Copy each line of the records below that has "Honda" in it.

═══ Dataset

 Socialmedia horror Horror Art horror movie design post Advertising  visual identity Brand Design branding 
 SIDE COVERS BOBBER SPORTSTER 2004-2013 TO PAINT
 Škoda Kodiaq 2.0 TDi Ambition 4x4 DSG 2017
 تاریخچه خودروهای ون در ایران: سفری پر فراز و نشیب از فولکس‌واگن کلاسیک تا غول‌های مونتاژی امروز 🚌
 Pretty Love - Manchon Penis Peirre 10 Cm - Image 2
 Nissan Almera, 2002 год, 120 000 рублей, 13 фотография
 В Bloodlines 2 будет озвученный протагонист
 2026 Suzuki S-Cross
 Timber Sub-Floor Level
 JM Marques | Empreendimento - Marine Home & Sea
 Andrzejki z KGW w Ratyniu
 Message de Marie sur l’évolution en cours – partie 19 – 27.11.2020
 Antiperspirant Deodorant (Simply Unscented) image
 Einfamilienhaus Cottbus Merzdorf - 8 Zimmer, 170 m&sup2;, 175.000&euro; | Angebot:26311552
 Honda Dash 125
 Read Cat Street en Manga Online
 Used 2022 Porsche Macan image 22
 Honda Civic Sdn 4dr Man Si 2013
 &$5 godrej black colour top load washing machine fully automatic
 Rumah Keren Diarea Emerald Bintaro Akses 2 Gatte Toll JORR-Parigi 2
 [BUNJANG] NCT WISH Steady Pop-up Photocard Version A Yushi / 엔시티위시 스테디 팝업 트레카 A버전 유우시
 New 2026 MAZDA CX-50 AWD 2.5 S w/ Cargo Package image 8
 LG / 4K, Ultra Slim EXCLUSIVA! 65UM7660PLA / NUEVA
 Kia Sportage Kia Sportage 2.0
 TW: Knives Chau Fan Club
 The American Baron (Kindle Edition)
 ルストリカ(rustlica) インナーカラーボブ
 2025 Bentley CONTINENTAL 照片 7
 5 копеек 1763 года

══════

### Final answer
 Honda Dash 125
 Honda Civic Sdn 4dr Man Si 2013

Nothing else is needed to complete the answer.